Federal Court Decisions

Decision Information

Decision Content

Date: 20251009


Docket: IMM-11453-24

Citation: 2025 FC 1672

Ottawa, Ontario, October 9, 2025

PRESENT: The Honourable Madam Justice Blackhawk

BETWEEN:

Marlez Farouk R FAHMY

a.k.a Marlez Farouk Roshdy Fahmy Keliny

a.k.a. Marlez Farouk Roushy Fahmy Keliny

Applicant

and

THE MINISTER OF PUBLIC SAFETY AND EMERGENCY PREPARDNESS

Respondent

JUDGMENT AND REASONS

I. Overview

[1] This is an application for judicial review of a decision of the Refugee Protection Division (RPD), dated June 17, 2024, that allowed the Minister of Public Safety and Emergency Preparedness Canada (Minister)’s application for cessation of the Applicant’s refugee protection pursuant to section 108 of the Immigration and Refugee Protection Act, SC 2001 c 27 (IRPA) (the Decision).

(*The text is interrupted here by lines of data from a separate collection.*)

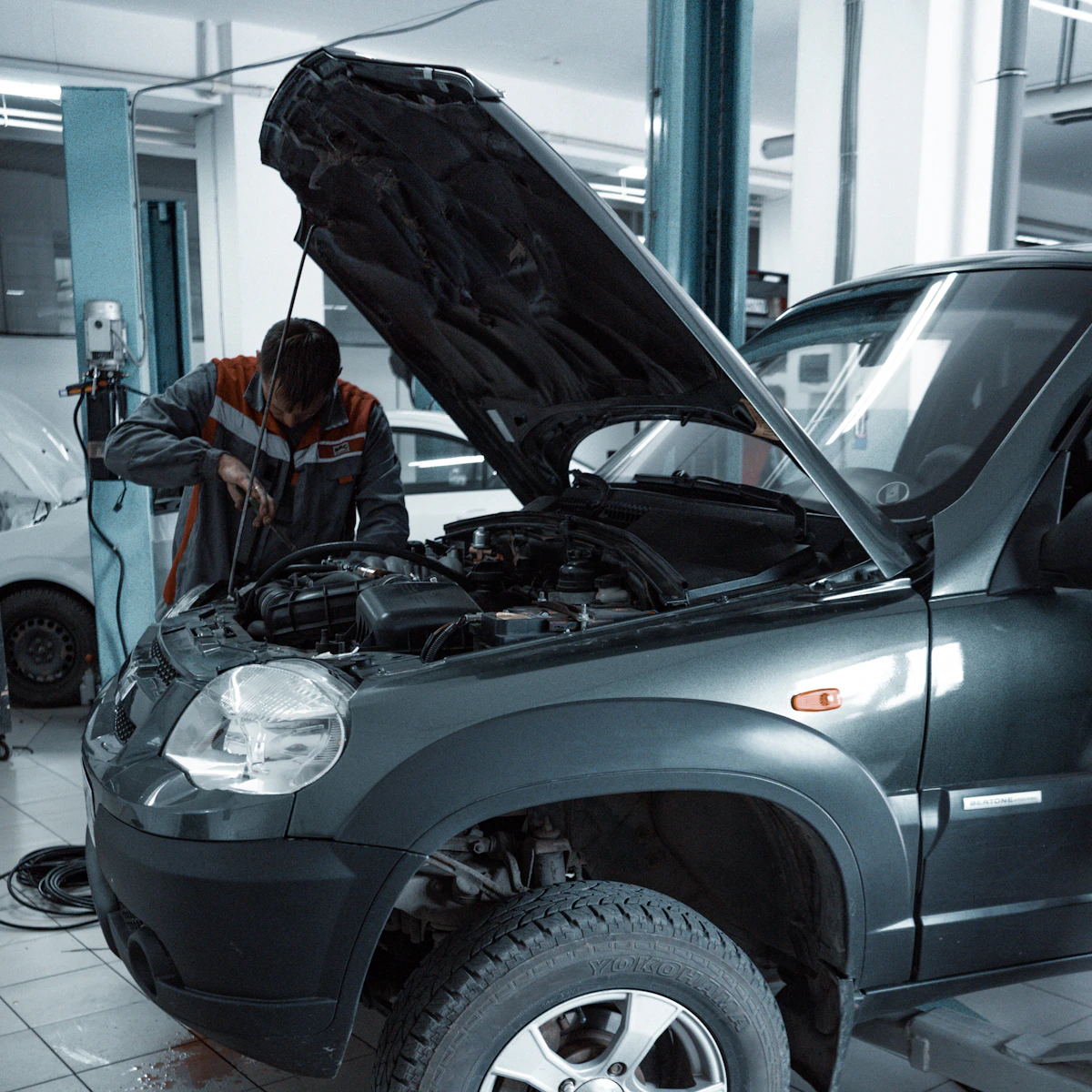 Mechanic performing a used car inspection before purchase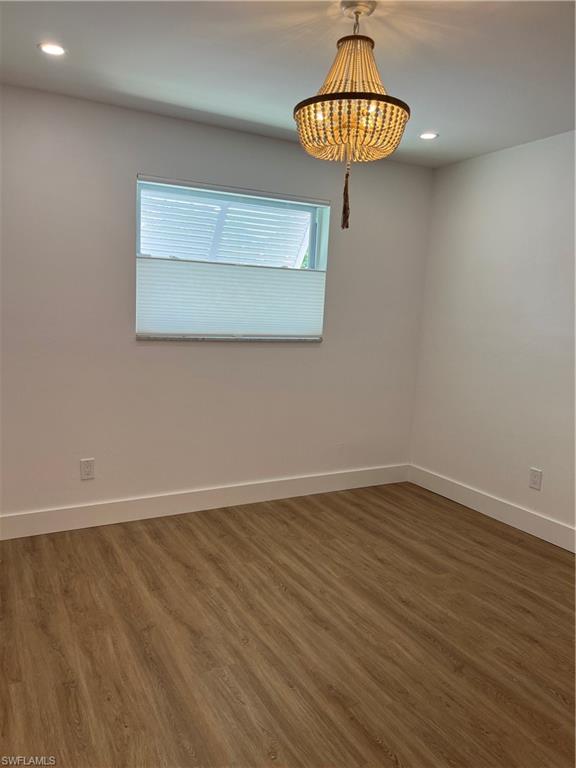 1793 Smugglers Cove, Unit B Naples, FL 34112 - Photo 16 of 23 a view of a room with wooden floor and a chandelier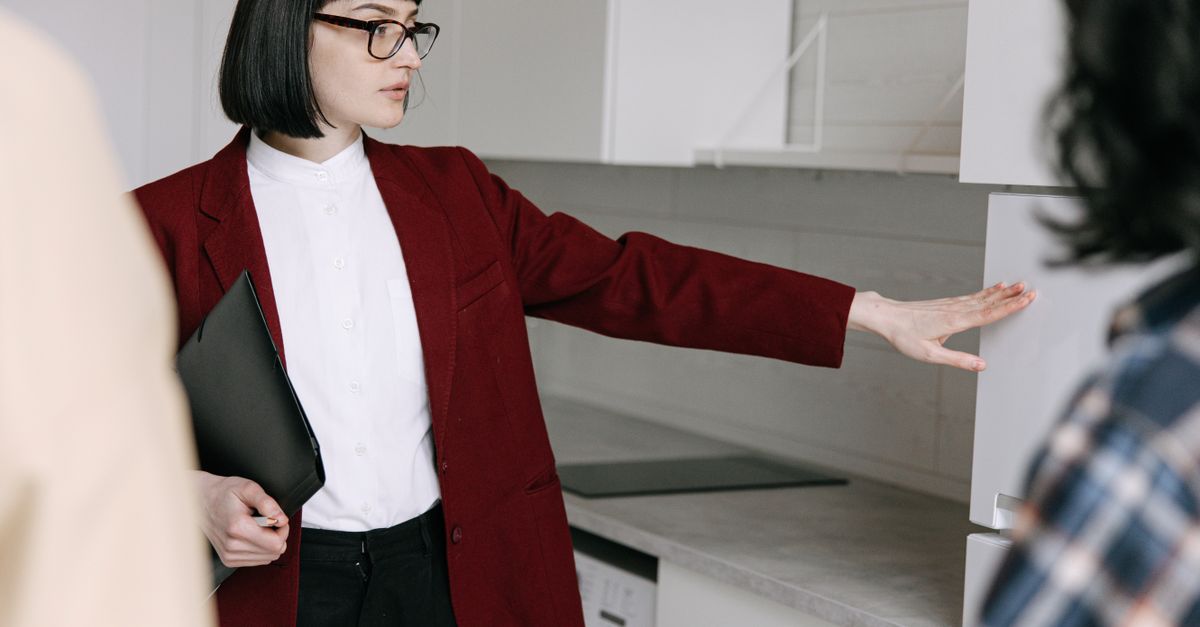 A female real estate agent demonstrates a modern kitchen to potential buyers in an apartment.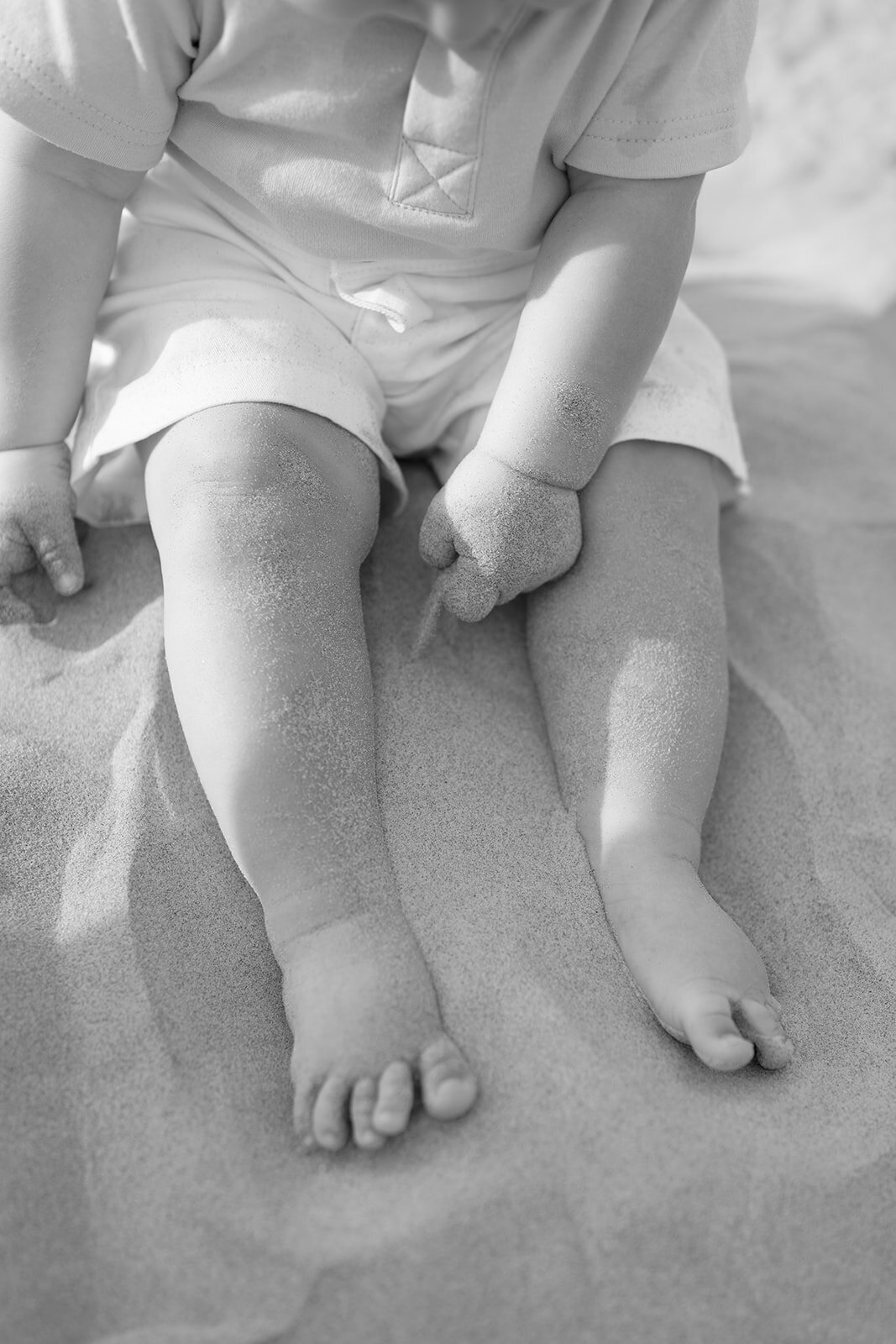 A baby in the sand on the beach in Avalon, NJ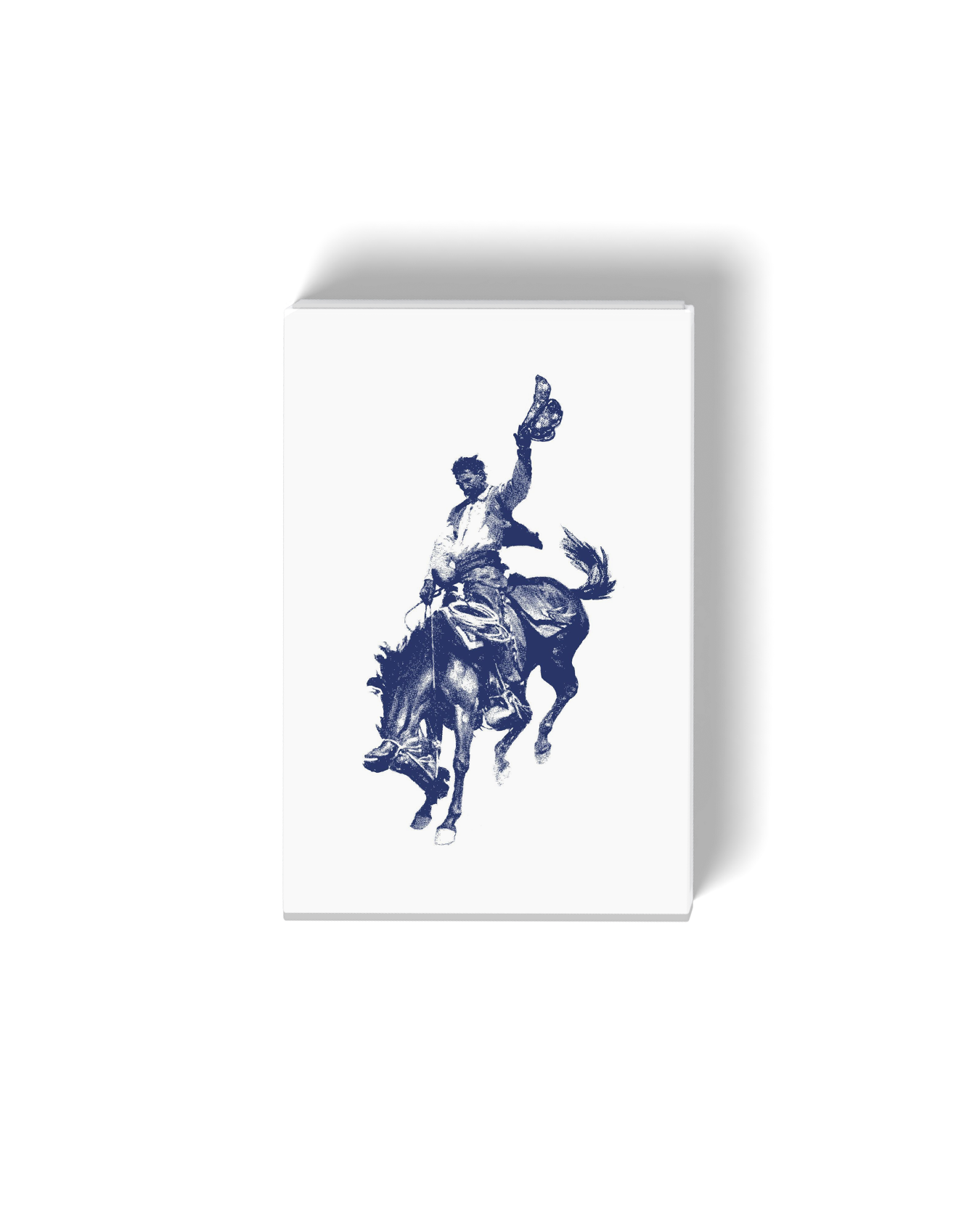 Silhouette of a cowboy riding a bucking horse, holding a hat in one hand.
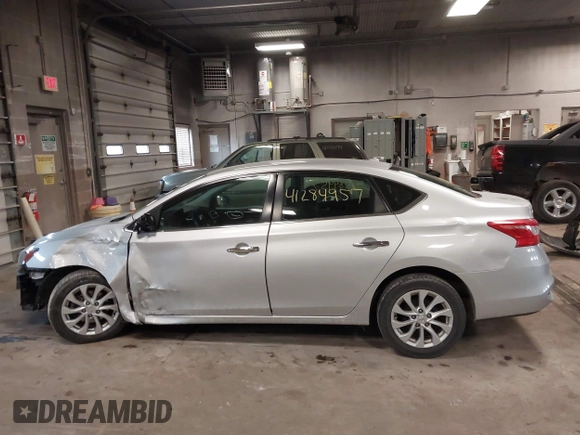 2019 Nissan Sentra S z VIN 3N1AB7AP7KY345072, wystawiony jako IAAI lot #41284957 z przebiegiem 104 084 mil mil oraz . Historia ofert i sprzedaży dostępna na DreamBid. Obrazek 15.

[2] The Applicant argues that the Decision is unreasonable, and that the RPD erred in finding that she had intentionally reavailed herself of protection in Egypt, because she was unaware of the immigration consequences of her actions.

[3] The Respondent argues that the Decision is reasonable, and that the Applicant is incorrect, subjective knowledge of the consequences of reavailment is not determinative in a cessation application.

[4] For the reasons that follow, this application is dismissed.

II. Background

[5] The Applicant is a citizen of Egypt and a Coptic Christian by faith. The Applicant alleged that she feared persecution in Egypt from her now ex-husband who was allied with the Muslim Brotherhood and was abusive.

[6] On May 27, 2013, the Applicant and her then two minor children were found to be Convention refugees. They obtained permanent residence status on April 17, 2014.

[7] The Applicant traveled back to Egypt on four separate occasions between 2020 and 2022:

  • -On August 21, 2020, she traveled to Egypt and remained there for 14 days to visit her ailing father;

  • -On December 15, she traveled to Egypt and remained there for 9 days to attend her father’s funeral;

  • -On February 18, 2022, she traveled to Egypt and remained there for 10 days to undergo in vitro fertilization (IVF) treatment; and

  • -On May 11, 2022, she traveled to Egypt and remained there for 13 days to undergo IVF treatment.

[8] The Applicant obtained an Egyptian single-journey travel document through the Egyptian Embassy in Ottawa that she used to travel to Egypt in August 2020.

[9] On August 25, 2020, the Applicant renewed her Egyptian passport and on May 18, 2022, the Applicant replaced her Egyptian passport to correct a misspelling of her name. Both documents were issued by the Government of the Arab Republic of Egypt.

[10] On September 9, 2022, the Minister brought an application to the RPD pursuant to subsection 108(2) of the IRPA and Rule 64 for the Refugee Protection Division Rules, SOR/2012-256, for the cessation of refugee protection granted to the Applicant.

[11] On June 17, 2024, the RPD allowed the Minister’s application for the cessation of the Applicant’s refugee protection pursuant to subsection 108(2) of the IRPA.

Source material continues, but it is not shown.